- CNNs are designed to recognize images (whereas RNNs are designed for sequences), but can be used for other data types
- Basic unit of CNN is a feature - small chunk of image data
- CNN efficiency depends on num. of features, their size, weights of layers
- speed depends on input size, scales linearly
- Layers:
- convolution (multiplying feature to the part of the image)
- relu: Rectified Linear Units
- pooling (resizing)
- Backpropagation to assign weights to layers
- I'd like to understand depth more. Is it just stacking all of the different filters together?
- Lydia explained it: The input has a depth of 3 for the color channel. For the convolutional layers, the depth is the number of filters.

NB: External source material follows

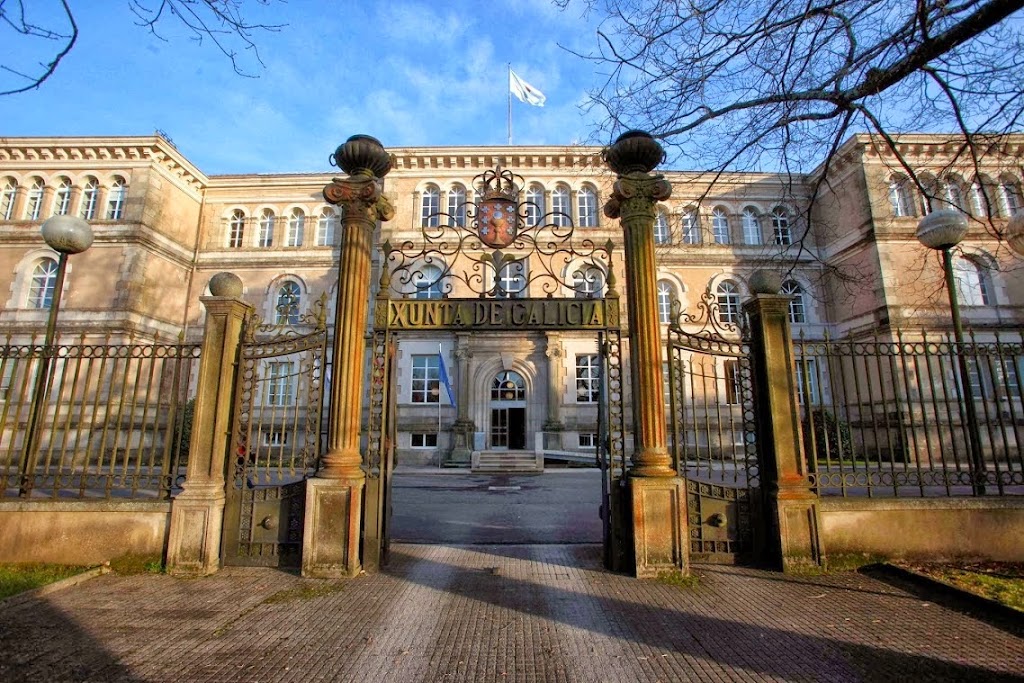 Xunta de Galicia San Caetano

- What's the relationship between depth and interconnectedness?
- You're connected to the folks in your neighborhood, e.g., you are connected to your northwest/northeast/southwest/southeast/south/nort/east/west neighbors, but not all of the other pixels.
- Are filters that different from features in traditional ML?
- Lydia explained it: You don't pre-decide what the filters are going to be! The network learns that.
- What is the difference between stride and pooling? Both seem to shrink the image. (Reading farther down in Getting rid of pooling, the authors make a similar suggestion.
- I didn't get any of the fully-connected/conv layer conversion stuff.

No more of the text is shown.